Many still dismiss cloud, demanding on network only, not for a logical reason, but normally on an emotive basis, believing the internet insecure therefore cloud will be! This approach is not new and has affected the adoption of ‘new things’ across industries. Take the motor car. When first introduced it was deemed the ‘devil’s work’, with a man carrying a red flag having to walk down the street in front of each car and people were recorded as believing that ‘if you went in a car and it travelled at over 20 miles an hour it would rip the skin from the human face’. Now we smirk at such things, but at the time that was a very real belief and emotion towards replacing a horse and cart with a car. We are experiencing similar with the cloud
Ignoring cloud and the new form factor underpinning can be a dangerous tactic, enabling you to miss out on competitive advantage, flexibility, cost savings, functional benefit and greater resilience. Many examples already exist of major brand name leaders not recognising the change being driven by cloud in general and the rapid effect user acceptance can have on changing the historical norm. Take for example Blockbuster video – once a world leading brand, now gone, devastated by the likes of Netflix and Lovefilm (Amazon) who changed the delivery method for consumers renting a movie from ‘on network’ take a video tape home, to click and stream your choice, faster, quicker and cheaper. The brand equity Blockbuster had was not enough to overcome a new cloud based option that customers chose to choose! Not because of ‘cloud’ or because of disliking Blockbuster, simply because someone made it better and delivered something the customer preferred. The same happened with Kodak as photography rapidly went digital and online with cloud based uploads and sharing replaced the old form. The music industry with Itunes vs bricks and Mortar music stores is going through the same transition as are other markets. So to undertake a belief that cloud will not affect IT delivery and to not truly consider it fairly in any business application or IT project is a naive approach that may leave you and your business out in the cold. Cloud is not a be all and end all, it is not right for every customer in every situation, (the same as a horse and cart still has its place in certain situations – right tool right job), but it will be advantageous in the highest majority of situations.
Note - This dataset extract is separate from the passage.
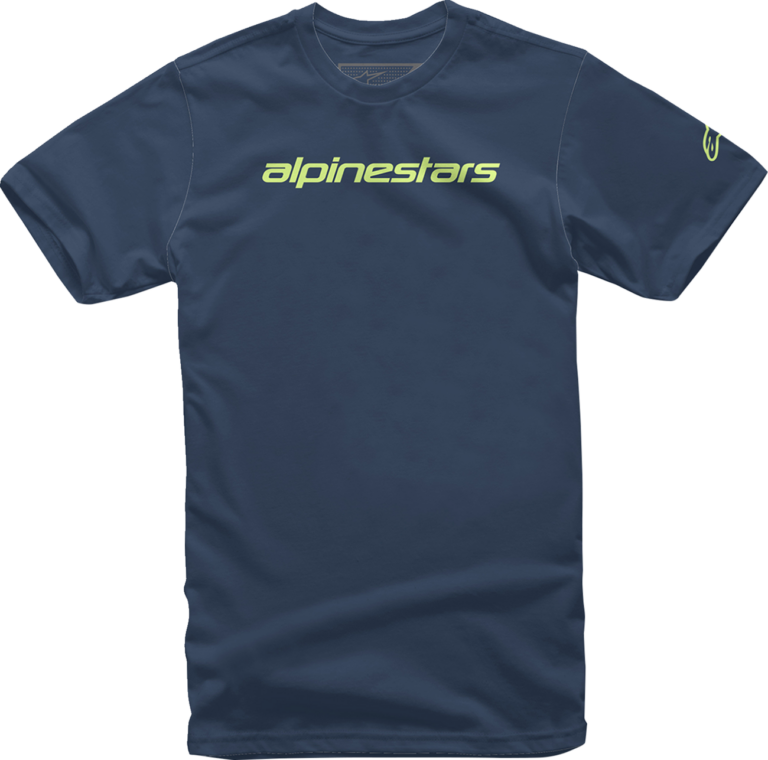 ALPINESTARS - Linear Wordmark T-Shirt - Navy/Lime - 2XL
The technology sectors ability to change has accelerated. Moore’s Law back in 1965 predicted silicon power would double every two years. But what its creator, Gordon E. Moore, couldn’t have predicted was the dramatic economies of scale the cloud would eventually bring to all of our lives. For one, it’s helped lead to a drop in price for essentials like computing power and storage by making them more accessible. But also, it’s enabled conveniences no one ever would have imagined four or so decades ago The Cloud has not only driven down costs, but it’s helped increased our satisfaction with and expectations of our Internet experience. It’s enabled mobility and delivered immense computing power to anyone, anywhere at any time. Perhaps an update to Moore’s Law will be formed to hypothesize that the number of applications running the in the cloud will double every two years; based on today’s adoption and consumption rates, however, it’s also possible we could see it being represented as the computing power available to an individual consumer (via the cloud) doubling every 2 months.